● **EXERCISE MATERIALS**
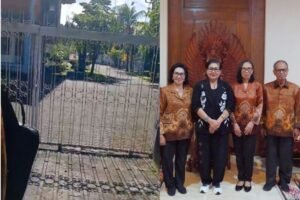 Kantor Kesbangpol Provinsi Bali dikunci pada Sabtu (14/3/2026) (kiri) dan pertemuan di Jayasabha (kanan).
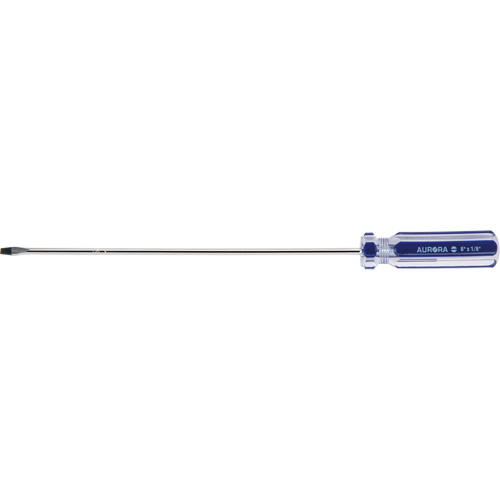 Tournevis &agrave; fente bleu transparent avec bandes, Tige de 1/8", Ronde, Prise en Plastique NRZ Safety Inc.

--

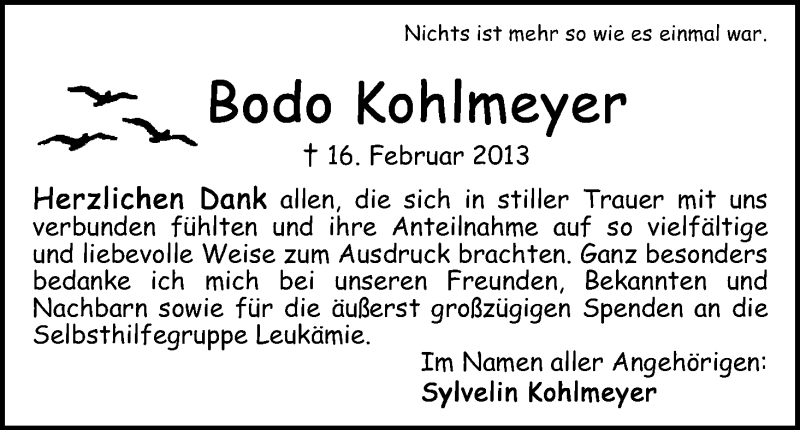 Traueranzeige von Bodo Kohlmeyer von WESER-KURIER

● **PROBLEM TO WORK ON**
Look above and copy only the lines from the one holding "Kantor Kesbangpol Provinsi" to the one holding "Tournevis &agrave; fente", both included, exactly, minus the pictures.

● **COMPLETED EXERCISE**
 Kantor Kesbangpol Provinsi Bali dikunci pada Sabtu (14/3/2026) (kiri) dan pertemuan di Jayasabha (kanan).
 Tournevis &agrave; fente bleu transparent avec bandes, Tige de 1/8", Ronde, Prise en Plastique NRZ Safety Inc.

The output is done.